Voltando: Pode parecer bom que, durante nossa evolução biológica, nós não tenhamos conseguido desenvolver a capacidade de ler pensamentos. Seria aterrorizante se alguém pudesse saber o que se passa na minha vida secreta. No entanto, faço essa avaliação sob o aspecto atual, de um mundo que foi moldado por pessoas que não podem ler os pensamentos alheios. É uma avaliação análoga a daquela tia neurótica por limpeza. Ela fala que se ganhasse na loteria não compraria uma casa grande, pois daria muito trabalho para limpar. Ela avalia a situação sob o aspecto de quem não tem dinheiro, mas se esquece que com muito dinheiro ela poderia pagar para uma equipe de pessoas limpar a grande e bonita casa nova. Portanto, talvez se tivéssemos desenvolvido a capacidade de ler pensamentos, se não tivéssemos outra alternativa que não a exposição do que realmente somos, teríamos evoluído segundo o verdadeiro sentido da palavra evolução. Sermos nós mesmos talvez não seria tão ruim.

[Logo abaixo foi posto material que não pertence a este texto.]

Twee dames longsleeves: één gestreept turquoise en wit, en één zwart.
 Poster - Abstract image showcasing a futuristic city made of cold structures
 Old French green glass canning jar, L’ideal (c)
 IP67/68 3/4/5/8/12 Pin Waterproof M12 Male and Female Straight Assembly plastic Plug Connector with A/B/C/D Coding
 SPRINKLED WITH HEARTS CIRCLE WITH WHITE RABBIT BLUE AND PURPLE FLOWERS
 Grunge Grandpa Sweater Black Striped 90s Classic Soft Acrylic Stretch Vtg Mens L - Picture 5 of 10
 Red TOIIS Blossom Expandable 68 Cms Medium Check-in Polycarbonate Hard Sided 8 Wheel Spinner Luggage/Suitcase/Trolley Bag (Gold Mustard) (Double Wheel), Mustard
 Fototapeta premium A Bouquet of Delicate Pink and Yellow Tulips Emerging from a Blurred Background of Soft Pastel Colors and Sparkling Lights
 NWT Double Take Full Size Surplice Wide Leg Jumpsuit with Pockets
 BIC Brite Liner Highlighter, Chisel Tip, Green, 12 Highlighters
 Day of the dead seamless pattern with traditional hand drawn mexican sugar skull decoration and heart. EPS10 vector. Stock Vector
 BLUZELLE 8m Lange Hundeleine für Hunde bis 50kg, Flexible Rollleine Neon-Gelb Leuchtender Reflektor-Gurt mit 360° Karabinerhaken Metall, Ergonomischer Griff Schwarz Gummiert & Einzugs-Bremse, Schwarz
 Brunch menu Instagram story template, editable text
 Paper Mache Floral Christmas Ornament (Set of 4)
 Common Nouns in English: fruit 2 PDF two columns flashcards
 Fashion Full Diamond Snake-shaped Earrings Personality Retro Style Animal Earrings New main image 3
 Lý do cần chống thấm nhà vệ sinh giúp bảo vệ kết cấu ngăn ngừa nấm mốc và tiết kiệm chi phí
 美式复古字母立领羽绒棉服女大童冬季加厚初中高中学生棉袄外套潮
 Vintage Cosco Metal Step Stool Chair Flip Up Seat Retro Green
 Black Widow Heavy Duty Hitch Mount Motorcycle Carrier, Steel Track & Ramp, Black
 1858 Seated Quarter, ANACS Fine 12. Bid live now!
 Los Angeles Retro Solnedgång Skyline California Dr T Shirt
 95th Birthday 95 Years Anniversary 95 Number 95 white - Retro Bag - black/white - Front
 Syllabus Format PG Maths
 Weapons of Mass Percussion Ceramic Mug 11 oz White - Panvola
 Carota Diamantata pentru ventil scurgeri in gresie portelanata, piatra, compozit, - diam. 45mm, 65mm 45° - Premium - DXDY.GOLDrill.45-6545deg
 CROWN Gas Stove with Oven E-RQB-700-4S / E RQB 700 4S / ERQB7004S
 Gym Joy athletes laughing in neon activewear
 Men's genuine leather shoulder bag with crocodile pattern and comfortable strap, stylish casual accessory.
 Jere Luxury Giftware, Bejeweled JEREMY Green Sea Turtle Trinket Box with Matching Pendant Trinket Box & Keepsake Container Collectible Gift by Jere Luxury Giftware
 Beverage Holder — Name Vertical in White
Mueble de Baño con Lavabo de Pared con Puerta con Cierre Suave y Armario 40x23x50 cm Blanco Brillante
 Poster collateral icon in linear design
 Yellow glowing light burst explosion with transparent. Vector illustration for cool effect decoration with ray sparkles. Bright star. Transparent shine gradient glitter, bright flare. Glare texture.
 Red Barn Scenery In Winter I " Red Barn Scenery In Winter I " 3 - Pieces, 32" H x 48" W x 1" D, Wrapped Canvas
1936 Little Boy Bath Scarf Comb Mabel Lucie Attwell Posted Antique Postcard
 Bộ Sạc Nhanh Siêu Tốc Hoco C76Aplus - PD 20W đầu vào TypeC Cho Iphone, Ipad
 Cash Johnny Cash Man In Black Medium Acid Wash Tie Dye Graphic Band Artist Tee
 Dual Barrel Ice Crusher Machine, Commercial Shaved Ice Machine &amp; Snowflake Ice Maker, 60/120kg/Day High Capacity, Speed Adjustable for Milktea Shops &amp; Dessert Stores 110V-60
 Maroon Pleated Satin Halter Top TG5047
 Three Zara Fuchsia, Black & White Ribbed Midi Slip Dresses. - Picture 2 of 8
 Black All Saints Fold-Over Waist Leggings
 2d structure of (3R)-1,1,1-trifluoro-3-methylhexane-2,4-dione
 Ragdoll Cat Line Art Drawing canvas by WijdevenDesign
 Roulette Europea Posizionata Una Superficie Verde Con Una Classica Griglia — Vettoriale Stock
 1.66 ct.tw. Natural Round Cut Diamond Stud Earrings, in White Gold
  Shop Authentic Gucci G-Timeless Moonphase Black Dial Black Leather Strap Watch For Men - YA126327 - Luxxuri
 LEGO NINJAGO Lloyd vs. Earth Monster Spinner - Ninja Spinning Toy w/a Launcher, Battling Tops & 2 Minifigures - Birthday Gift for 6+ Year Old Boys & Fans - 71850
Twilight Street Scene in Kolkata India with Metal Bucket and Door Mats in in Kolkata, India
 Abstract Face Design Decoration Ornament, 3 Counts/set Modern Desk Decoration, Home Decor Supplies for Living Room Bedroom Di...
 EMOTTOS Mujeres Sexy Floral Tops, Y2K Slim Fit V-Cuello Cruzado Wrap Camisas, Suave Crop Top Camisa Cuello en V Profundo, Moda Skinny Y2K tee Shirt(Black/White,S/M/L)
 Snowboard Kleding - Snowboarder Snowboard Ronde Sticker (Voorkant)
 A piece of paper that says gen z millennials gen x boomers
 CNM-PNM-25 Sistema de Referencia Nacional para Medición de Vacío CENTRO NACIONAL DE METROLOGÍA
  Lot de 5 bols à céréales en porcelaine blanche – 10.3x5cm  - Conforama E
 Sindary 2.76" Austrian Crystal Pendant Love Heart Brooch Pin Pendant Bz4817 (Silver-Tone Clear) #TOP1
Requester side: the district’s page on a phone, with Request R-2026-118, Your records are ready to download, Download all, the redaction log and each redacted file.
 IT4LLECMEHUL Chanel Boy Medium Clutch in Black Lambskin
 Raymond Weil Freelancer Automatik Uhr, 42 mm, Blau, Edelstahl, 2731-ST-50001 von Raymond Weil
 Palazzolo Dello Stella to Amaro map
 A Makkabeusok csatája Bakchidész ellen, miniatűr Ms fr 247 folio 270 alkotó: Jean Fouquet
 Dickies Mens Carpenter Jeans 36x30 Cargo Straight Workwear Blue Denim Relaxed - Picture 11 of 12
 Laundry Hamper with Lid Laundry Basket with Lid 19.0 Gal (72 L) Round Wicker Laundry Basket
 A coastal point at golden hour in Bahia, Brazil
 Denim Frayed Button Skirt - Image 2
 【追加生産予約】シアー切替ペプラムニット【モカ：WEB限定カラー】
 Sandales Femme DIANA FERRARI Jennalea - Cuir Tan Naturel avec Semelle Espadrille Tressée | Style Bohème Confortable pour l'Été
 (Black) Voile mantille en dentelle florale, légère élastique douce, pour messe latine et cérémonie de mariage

Chega de pensar no "se". Não lemos pensamentos e não temos coragem de nos expor. Eu também não tenho a esperança de que um dia construiremos um mundo melhor sobre o aspecto da transparência e ingenuidade. Não tenho a esperança de que um dia todos nós aceitaremos, sem julgamentos, a sinceridade nas outras pessoas e, portanto, teremos coragem de sermos autênticos também. Aliás, o que vem primeiro, a aceitação da autenticidade no outro ou a coragem de nós mesmos sermos sinceros? Deixa pra lá. Enfim, então qual a medida? Talvez a melhor resposta que possamos dar seja parte daquela do homem nu preso a cruz, sermos sinceros pelo menos cada um consigo mesmo. A imagem no espelho não é um leão e não há nada que possamos fazer sobre isso.

Curiosidade ou dica? Jesus, após se expor, entre os vários nomes que recebeu, também foi chamado de leão.